Hi I have an apify task which has run 10 times last week. I want to get data from all the pulls into the table. I have tried 3 methods:
Native Apify integration. It does not show me all the runs to choose from. And it only loads the last run on default.
API call, when I call the dataset/item api, the data exceeds cell limitation.
How can I do this? I am fairly new to this..
Unfortunately, this can't be done via API call. Youll have to manually download the data sets from the Storage in your Apify account and upload to Clay.
Thanks for jumping in Adnan. Hey Utsav, happy to provide some context! To import data from all the runs of your Apify task into a Clay table, you should be aware that the native Apify integration in Clay is designed to pull data from the latest run by default. If you want to import data from specific runs, you would typically need to enable a feature that allows pulling data from those specific runs. For your second method using an API call, you've encountered an issue with the data exceeding cell limitations. This is a common problem when dealing with large datasets. One way to handle this is by paginating the GET request to retrieve the dataset in smaller chunks. You can add query parameters like offset and limit to your GET request to manage the size of the data you are importing. Or you can use the Field paths to Return to pull in selected values (see image). That should also solve your cell limitation error. https://downloads.intercomcdn.com/i/o/w28k1kwz/1234200555/bedbc6d1567c00d200a601fc4eda/Berrycast_HZko0Vb1tm.png?expires=1730306700&signature=6497f7a0170a29605f6dc78d6266d40812253e0200c0421080516436602143be&req=dSIkEst%2BnYRaXPMW1HO4zZ80KbMZzvJKmVYBzlKMc4fmw0Ack3O9ekkwAJ9N%0AiH2U%0A Let me know if you need additional help on this!

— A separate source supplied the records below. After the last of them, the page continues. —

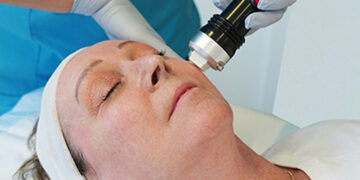 RADIOFRECUENCIA FRACCIONADA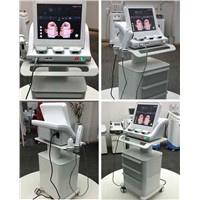 HIFU high intensity focused ultrasound machine for face lift skin tightening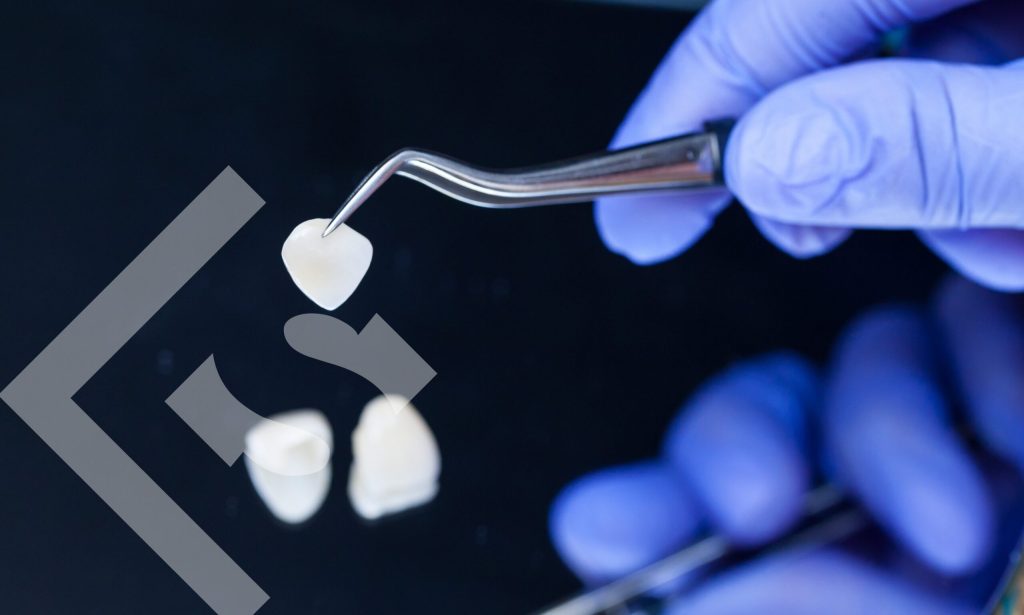 veneers can do more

Got it. I will explore pagination. For the one with integration, how do I enable pull from all runs?
Hi Utsav, while you are not able to pull all runs from an Apify actor at once, what you can do is add each run as a source in your Apify table. Create a new table with Apify and select the appropriate actor and the latest task. You can continue adding sources within this table and select all of the relevant tasks you'd like to pull data from. This way, you can populate all of your Apify runs into your table. https://downloads.intercomcdn.com/i/o/w28k1kwz/1234523962/3c1f05a55b0bc99fabdde5eec567/CleanShot+2024-10-30+at+16_29_14%402x.png?expires=1730322000&signature=22fe711a2e4aec7c539952319be9539169bfbfb532c852a2b77b93064cffd5d8&req=dSIkEsx8nohZW%2FMW1HO4zcgVUFTvcR9DncjVCTt%2BIpxnEZV7wkUrcJVVpVji%0AgJSc%0A
Let me know if this makes sense and if you need further assistance with your set up!
We haven't heard back from you in a bit, so we're going to go ahead and close things out here - feel free to let us know if you still need something!